At decision block 18, the pressure peak P
_peak is compared to a predetermined threshold value _Pth which is selected as a reference value below the maximum pressure _Pmax . When the pressure peak is below the pressure threshold, the original engine control method is not corrected. This is in accordance with block 20, the fuel amount F is means that is set equal to a predetermined fuel amount F _q ^d by the engine controller. The engine thus operates reliably with much less than the maximum pressure _Pmax, so that the pressure limiter can remain inactive.

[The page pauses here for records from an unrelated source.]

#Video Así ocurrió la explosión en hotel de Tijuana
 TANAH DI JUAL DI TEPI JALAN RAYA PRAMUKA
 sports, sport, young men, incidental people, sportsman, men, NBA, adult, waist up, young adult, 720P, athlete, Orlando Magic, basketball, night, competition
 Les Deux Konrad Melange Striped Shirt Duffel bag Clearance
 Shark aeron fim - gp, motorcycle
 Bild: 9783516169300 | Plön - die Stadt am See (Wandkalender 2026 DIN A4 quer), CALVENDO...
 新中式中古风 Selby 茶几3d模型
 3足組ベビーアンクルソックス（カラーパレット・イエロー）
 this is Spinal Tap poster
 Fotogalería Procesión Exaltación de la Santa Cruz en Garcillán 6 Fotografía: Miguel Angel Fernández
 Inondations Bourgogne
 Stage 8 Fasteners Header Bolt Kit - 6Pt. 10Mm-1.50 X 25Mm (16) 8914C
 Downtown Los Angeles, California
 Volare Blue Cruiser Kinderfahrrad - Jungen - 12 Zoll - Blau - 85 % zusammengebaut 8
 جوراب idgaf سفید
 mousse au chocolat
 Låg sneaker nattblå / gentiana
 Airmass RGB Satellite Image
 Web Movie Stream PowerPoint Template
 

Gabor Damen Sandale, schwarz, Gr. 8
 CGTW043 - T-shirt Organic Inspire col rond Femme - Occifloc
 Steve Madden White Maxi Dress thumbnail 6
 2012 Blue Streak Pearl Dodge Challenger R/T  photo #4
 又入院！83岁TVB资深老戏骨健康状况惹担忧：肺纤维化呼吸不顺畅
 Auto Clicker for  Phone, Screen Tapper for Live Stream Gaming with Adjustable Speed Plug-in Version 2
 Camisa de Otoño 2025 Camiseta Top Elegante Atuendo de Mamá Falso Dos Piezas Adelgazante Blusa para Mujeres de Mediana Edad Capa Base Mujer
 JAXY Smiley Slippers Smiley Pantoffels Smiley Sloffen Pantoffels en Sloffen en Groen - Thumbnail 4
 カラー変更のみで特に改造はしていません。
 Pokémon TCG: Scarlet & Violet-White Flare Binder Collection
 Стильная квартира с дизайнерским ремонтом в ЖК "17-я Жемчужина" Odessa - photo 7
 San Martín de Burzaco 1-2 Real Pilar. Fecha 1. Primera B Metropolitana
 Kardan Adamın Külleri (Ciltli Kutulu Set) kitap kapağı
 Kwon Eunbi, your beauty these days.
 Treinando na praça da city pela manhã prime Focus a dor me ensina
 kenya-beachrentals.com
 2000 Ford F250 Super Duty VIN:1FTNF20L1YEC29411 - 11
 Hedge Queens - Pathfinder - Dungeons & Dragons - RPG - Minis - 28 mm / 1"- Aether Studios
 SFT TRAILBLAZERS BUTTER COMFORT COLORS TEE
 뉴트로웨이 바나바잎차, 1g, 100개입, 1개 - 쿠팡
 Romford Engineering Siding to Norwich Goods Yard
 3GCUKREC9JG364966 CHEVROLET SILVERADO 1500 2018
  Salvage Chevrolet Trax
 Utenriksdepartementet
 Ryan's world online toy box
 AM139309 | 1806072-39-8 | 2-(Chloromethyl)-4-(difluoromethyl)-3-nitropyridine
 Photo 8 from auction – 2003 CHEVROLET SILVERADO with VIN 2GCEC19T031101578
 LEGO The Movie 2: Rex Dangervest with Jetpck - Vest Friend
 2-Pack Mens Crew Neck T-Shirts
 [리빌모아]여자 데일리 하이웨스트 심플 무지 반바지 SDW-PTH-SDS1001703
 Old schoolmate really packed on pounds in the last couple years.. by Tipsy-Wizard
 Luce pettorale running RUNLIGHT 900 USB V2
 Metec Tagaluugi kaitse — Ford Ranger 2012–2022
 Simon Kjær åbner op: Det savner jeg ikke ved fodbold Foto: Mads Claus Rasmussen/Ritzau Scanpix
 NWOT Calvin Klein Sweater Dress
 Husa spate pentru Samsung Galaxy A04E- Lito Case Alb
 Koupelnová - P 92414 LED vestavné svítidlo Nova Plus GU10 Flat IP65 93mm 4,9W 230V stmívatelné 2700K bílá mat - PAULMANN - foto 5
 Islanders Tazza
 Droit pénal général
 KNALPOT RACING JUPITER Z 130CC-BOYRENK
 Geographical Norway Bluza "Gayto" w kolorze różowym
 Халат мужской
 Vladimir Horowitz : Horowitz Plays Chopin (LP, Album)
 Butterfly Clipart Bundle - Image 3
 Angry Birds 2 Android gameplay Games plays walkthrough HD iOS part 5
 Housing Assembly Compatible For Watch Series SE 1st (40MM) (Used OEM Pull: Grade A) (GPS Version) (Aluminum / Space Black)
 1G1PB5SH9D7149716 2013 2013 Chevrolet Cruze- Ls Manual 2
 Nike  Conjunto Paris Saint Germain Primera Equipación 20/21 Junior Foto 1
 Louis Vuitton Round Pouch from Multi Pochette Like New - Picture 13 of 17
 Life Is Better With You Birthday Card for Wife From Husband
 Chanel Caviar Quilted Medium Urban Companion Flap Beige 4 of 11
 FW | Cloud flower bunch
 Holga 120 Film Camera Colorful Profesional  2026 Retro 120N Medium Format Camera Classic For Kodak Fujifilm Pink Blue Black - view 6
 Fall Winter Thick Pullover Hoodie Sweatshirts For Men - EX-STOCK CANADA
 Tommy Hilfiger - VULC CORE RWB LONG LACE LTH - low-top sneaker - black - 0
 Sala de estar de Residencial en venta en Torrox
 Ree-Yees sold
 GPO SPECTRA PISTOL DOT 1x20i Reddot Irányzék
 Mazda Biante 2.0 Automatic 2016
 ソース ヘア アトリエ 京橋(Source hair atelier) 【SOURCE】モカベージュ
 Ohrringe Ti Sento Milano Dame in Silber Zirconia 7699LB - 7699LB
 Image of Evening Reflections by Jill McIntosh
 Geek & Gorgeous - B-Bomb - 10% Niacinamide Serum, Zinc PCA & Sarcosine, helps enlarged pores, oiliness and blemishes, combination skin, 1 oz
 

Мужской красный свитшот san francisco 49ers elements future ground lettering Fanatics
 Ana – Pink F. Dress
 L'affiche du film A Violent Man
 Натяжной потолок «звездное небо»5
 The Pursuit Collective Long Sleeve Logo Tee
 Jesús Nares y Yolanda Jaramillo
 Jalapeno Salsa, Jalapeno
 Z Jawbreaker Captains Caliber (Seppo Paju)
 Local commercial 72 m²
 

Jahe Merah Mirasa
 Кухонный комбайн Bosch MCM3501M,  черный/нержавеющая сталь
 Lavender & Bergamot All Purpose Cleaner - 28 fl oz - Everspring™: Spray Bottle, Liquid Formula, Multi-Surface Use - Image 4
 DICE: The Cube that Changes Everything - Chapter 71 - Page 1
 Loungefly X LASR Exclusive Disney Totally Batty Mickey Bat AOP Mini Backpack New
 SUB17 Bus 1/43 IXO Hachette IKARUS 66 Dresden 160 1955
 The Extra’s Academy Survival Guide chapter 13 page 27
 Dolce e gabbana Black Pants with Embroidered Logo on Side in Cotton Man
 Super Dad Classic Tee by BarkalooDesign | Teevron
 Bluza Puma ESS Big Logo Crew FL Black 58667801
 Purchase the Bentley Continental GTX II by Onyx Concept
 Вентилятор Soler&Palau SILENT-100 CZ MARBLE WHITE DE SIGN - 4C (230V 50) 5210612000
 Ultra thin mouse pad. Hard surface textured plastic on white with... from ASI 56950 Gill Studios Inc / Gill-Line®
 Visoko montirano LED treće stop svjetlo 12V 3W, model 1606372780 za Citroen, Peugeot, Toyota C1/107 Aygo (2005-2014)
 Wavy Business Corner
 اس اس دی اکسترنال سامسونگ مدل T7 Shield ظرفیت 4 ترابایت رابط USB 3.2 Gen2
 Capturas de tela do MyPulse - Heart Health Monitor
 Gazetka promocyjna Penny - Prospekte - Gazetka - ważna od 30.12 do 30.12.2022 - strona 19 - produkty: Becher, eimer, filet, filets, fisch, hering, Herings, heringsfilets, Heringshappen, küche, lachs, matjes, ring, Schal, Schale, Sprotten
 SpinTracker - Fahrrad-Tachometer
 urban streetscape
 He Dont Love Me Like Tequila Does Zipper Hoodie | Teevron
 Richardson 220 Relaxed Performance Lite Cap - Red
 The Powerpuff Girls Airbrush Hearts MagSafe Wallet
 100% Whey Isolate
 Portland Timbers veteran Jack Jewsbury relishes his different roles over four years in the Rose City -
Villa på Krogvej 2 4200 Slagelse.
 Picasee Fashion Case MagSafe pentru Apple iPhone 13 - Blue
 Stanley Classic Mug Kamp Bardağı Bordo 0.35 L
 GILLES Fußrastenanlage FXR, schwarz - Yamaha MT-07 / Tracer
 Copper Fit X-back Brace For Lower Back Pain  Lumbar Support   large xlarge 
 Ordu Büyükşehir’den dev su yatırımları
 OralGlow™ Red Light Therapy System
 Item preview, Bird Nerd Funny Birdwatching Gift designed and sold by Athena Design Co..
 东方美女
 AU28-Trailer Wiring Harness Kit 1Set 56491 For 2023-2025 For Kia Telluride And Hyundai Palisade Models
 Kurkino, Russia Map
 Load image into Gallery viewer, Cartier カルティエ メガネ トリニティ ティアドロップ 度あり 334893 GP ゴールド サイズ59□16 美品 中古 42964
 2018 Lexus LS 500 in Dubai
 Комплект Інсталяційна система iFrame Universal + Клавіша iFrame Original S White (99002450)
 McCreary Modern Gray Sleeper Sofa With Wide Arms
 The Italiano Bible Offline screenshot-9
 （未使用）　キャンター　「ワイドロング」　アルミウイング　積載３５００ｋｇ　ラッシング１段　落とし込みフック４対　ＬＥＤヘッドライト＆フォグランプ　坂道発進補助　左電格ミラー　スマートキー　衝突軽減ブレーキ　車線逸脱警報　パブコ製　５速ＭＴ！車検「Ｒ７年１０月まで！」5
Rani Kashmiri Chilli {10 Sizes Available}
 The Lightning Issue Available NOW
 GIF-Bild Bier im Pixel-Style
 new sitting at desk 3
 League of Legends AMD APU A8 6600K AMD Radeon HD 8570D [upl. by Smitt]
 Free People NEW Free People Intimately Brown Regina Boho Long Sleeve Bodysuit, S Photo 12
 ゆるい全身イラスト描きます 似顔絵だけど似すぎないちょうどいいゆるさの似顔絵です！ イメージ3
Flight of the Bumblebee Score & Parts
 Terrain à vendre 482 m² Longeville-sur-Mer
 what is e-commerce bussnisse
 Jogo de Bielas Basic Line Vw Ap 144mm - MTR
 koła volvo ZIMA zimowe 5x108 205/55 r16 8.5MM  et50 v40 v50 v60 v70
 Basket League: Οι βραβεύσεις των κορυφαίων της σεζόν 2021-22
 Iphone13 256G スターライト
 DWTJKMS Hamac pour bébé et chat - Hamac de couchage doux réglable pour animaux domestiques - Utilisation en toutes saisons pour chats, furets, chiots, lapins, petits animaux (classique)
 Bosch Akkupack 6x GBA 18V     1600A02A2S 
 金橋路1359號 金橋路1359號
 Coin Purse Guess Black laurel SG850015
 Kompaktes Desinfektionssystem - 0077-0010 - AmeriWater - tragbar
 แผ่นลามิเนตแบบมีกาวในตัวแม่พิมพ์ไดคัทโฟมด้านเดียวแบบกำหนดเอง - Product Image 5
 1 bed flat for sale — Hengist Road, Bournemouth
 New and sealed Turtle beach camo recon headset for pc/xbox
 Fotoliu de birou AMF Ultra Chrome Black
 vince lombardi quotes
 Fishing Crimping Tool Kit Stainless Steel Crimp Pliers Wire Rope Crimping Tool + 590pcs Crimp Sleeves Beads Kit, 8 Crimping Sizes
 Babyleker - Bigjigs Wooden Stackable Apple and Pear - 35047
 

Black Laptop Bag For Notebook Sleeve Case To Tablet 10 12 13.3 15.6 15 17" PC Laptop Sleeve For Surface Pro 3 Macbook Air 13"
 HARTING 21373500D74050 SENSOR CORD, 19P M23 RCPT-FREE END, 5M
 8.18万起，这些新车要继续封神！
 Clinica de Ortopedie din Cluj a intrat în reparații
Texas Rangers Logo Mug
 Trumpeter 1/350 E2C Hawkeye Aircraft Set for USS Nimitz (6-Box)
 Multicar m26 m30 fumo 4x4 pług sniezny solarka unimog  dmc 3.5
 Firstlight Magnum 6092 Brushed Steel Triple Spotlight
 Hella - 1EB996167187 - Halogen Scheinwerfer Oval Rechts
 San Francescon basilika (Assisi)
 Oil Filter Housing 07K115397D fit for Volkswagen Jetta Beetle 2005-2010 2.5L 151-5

On the other hand, when the pressure peak P _peak exceeds the predetermined pressure threshold P _th in the decision block 18, the engine approaches the maximum pressure P _max . According to block 19,
Various approaches can be taken in response to this. P
_peak is compared with the P _th, avoidance reasons not be compared directly with P _max, the pressure peak controller, leave plan ahead the control operation, the excess pressure that may be the large time lag is inevitable correspondingly Should be able to
That's why.

[0027] Already in the block 19 described, the value of the fuel quantity F _q ^d which is predetermined by the engine control unit is compared with the fuel amount F _q ^c which is predetermined by the cascade controller 16. P _peak approaches P _max (that is, P _peak
P _th), when an F _q ^d> F _q ^c, is necessary to protect the engine from excessive pressure, engine operates in accordance with block 21. At that time, the amount of fuel is equal to the amount F _q ^c calculated by P _max cascade controller. However, when the driver applies the brake, F _q ^d drops below F _q ^c ,
Driver regain full control (F · = · F _q ^d in block 20). This is a safety criterion because the amount of fuel injected can never exceed the original fuel supply control fuel amount. In other words, the driver is always controlling the maximum fuel supply.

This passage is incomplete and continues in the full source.